Well, we never referred to my grandmother that way, and we had wonderful aunts and uncles and cousins from Up North to came to visit us...and my grandmother learned to talk with a southern accent.

Halcyon said...

Wow! What a neat story. And a cute little house. I do love the picket fence.

Your EG Tour Guide said...

You know so much about your Grandmother's past and that's wonderful! How great that you have a photo of the house she lived in.

Jacob said...

Wow, how neat is that? Fantastic!

Jim said...

I love you have all of that family history.

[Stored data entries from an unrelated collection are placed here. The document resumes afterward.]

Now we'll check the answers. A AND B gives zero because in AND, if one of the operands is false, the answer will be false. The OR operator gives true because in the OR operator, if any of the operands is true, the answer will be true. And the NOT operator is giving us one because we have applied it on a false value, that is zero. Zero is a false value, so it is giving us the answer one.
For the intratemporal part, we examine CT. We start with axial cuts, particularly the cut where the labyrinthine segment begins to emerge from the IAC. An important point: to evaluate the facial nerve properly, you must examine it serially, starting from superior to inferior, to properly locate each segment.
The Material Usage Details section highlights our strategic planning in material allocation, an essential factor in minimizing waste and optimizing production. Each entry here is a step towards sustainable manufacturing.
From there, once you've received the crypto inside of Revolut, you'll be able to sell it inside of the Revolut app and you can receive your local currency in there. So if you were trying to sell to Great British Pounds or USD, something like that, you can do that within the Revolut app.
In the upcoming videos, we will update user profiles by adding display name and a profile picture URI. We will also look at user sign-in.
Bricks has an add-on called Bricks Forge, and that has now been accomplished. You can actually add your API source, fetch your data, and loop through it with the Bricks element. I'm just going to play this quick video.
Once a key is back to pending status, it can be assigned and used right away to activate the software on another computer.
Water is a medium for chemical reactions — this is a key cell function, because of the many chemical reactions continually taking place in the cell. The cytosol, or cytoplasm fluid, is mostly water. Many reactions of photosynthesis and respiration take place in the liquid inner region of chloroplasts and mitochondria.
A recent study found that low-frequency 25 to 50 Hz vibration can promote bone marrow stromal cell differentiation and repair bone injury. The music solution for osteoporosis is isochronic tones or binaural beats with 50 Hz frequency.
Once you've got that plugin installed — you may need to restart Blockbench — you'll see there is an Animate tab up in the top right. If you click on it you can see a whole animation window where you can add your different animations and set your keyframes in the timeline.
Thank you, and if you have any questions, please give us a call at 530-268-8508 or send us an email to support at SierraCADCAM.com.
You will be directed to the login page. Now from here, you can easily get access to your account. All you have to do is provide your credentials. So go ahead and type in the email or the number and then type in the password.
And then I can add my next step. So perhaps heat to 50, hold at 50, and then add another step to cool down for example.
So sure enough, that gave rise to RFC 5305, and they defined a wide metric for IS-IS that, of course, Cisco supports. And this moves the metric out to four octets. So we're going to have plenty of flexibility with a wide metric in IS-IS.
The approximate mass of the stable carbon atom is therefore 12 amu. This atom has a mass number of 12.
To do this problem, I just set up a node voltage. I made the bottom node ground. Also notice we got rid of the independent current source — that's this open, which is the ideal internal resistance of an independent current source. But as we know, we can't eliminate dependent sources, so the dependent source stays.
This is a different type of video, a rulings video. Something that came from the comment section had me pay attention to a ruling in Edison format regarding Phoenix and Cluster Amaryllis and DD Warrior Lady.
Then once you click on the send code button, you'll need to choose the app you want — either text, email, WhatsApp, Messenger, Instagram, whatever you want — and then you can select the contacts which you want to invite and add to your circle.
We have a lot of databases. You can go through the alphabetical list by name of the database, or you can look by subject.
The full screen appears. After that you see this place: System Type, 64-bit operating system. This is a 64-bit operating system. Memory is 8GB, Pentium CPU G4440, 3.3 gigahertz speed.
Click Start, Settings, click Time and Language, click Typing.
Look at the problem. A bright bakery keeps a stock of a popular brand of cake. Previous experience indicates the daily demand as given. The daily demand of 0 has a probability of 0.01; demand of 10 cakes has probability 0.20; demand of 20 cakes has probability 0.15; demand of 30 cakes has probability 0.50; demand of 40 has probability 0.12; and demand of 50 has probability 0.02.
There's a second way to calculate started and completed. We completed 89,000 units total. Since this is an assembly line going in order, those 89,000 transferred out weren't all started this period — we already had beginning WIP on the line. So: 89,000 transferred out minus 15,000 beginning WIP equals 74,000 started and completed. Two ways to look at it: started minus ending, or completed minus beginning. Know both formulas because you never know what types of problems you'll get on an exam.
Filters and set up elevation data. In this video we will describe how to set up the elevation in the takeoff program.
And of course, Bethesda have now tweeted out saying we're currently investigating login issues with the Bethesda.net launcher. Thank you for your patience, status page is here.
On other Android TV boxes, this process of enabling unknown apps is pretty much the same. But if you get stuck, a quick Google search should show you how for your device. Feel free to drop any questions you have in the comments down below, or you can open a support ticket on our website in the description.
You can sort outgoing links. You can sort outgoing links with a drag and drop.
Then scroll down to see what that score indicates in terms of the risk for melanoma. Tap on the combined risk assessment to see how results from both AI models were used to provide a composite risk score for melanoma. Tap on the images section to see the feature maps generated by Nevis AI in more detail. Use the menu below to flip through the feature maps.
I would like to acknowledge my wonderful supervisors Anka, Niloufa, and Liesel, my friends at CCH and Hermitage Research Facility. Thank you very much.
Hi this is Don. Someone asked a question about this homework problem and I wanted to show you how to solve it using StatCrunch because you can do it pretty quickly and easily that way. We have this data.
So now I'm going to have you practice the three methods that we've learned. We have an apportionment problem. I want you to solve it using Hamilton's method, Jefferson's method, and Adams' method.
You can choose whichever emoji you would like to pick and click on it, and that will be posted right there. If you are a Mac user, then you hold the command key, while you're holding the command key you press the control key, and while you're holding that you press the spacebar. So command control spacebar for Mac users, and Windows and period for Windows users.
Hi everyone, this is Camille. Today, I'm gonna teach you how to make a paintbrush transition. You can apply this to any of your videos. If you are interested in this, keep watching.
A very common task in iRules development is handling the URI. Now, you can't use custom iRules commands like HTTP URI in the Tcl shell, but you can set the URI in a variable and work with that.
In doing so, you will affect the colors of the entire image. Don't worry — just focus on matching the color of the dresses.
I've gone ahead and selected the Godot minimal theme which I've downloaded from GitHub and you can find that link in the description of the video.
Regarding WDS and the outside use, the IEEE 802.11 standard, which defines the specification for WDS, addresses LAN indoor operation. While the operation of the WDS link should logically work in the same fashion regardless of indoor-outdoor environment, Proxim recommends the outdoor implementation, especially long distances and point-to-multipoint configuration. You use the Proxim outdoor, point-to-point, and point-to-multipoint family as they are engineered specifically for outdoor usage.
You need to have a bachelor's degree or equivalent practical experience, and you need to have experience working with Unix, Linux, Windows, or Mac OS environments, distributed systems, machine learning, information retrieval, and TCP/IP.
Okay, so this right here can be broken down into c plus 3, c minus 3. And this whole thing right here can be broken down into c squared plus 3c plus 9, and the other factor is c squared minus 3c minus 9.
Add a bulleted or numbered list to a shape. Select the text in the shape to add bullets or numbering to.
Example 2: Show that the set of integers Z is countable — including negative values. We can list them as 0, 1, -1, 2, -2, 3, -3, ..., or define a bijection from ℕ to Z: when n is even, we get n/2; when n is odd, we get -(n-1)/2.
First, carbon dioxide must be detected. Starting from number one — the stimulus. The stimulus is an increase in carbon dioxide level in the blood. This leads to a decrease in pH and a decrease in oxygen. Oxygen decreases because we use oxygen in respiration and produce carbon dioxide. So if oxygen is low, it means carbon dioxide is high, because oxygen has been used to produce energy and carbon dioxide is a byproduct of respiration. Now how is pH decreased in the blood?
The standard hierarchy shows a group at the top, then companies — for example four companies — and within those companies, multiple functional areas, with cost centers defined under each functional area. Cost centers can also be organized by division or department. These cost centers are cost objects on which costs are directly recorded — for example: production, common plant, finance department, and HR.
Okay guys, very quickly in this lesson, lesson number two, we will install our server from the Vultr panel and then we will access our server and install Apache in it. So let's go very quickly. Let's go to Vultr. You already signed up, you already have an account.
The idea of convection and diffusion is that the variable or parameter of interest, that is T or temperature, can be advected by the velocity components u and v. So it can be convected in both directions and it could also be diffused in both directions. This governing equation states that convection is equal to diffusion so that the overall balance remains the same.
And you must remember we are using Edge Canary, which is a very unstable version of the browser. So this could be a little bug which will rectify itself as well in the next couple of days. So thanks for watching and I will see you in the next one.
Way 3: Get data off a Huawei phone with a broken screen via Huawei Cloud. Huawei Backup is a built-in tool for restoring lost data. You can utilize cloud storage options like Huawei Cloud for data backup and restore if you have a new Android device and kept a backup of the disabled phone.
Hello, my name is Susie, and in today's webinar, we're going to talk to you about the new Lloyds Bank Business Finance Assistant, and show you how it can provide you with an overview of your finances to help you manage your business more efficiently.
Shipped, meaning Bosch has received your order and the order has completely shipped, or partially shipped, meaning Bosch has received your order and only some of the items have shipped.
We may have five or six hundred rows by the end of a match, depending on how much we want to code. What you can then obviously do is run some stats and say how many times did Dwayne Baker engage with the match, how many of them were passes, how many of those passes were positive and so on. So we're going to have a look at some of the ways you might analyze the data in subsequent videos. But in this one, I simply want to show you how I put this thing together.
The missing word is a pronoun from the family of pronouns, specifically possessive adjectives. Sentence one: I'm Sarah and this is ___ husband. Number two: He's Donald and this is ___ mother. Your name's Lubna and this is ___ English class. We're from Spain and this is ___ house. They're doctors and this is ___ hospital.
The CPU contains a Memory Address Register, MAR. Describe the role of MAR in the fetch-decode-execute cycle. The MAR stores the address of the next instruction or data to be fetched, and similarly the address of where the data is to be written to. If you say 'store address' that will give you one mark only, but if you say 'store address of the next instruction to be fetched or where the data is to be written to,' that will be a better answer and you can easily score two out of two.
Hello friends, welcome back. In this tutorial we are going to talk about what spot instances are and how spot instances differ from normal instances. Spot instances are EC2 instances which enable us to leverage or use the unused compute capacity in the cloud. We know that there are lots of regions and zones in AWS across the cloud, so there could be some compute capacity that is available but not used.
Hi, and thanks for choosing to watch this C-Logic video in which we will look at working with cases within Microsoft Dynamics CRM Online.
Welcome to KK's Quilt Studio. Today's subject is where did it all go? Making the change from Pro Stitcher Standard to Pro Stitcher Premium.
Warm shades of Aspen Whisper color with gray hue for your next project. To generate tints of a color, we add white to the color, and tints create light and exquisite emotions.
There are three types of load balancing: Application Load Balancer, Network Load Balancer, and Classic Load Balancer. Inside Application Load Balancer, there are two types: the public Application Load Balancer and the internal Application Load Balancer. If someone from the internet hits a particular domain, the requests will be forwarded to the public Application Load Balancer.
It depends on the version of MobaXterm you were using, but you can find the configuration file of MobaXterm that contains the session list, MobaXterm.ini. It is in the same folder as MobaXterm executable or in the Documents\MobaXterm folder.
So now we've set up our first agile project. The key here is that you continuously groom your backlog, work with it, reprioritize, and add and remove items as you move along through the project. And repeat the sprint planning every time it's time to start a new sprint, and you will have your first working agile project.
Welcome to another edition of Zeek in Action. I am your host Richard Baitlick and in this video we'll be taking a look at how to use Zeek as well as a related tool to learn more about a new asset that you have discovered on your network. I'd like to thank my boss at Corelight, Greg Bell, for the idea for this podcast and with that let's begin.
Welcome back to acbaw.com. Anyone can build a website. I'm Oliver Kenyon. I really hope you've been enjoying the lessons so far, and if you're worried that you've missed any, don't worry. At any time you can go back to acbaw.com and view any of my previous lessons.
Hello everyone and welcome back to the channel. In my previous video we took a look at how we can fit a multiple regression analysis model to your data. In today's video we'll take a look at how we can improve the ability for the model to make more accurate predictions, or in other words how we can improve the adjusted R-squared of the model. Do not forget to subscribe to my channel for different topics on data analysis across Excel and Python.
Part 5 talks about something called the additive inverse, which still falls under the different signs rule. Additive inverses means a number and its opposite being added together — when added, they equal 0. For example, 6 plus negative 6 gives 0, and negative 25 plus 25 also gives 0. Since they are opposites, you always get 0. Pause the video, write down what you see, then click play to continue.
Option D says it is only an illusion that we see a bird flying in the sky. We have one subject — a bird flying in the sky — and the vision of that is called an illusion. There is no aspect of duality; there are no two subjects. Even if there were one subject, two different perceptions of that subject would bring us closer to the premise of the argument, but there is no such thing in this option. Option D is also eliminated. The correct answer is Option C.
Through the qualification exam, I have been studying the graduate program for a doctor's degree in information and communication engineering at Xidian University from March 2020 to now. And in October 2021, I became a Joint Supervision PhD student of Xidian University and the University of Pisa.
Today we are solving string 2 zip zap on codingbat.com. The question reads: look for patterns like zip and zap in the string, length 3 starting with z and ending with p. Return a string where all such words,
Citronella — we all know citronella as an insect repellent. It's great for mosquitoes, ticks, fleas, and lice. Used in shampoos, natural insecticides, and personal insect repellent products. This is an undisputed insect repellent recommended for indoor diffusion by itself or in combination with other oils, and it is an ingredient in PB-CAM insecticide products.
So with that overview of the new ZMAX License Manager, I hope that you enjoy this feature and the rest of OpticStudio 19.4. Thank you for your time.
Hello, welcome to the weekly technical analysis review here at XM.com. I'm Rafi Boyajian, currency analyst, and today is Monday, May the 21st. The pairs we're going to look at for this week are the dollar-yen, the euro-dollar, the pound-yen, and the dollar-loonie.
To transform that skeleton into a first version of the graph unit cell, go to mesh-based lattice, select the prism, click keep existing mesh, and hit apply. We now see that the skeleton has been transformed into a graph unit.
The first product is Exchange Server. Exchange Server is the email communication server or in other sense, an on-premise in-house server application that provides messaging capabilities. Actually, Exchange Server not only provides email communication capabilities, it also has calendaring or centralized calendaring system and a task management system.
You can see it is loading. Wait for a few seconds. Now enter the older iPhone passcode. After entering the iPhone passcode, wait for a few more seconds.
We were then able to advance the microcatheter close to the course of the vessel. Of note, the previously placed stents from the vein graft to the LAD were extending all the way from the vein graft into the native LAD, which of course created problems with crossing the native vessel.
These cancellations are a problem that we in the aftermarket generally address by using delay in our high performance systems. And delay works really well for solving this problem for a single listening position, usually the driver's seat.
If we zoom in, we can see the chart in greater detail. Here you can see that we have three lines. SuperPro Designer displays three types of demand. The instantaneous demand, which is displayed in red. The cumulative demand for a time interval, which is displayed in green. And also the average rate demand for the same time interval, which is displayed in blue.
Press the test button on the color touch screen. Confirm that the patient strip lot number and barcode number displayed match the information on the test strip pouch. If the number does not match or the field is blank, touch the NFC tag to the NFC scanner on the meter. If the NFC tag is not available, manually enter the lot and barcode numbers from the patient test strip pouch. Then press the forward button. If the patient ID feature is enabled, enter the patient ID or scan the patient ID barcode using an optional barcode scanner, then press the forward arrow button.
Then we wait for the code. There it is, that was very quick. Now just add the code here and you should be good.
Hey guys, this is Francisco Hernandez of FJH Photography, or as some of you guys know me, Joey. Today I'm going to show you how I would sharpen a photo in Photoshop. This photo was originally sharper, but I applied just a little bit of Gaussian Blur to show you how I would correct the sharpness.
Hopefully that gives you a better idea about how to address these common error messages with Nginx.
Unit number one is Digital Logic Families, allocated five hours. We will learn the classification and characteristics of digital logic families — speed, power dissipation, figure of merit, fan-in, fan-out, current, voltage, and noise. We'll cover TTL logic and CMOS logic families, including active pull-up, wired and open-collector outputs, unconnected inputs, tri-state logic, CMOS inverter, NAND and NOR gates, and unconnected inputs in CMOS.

My Grandparents also came from Ohio, but they never talked about growing up.

Kathleen said...

Yes I have been called "Yankee Wife" by a few of my husbands family members..(inlaws) LOL

I love the house and best of all the picket fence.I wish my hubby would agree on one!
Do you have in inside photos?
I can remember my grandmothers house and even the color of her scratchy couch.I think it was made of wool! :)

Rambling Round said...

Kathleen, Sorry, there were no interior photos that I could find, but she did have photos of the flooding Alabama River, the Kenan's Mill dam and cotton fields. I imagine that cotton was a novelty to them!
I was able to learn so much, because my family and grandmother lived in the same house (not this one) in another town when I was growing up. Precious memories!

Lucy B said...

What a wonderful family story. Where did they move to?

bfarr said...

Nice bit of family history. Cute house. Yankee's aren't all bad : )

Rambling Round said...

Hi Lucy, They moved to Marengo County, then Hale County.

D said...

It's cool that you have so much detail in your family's history. Great post.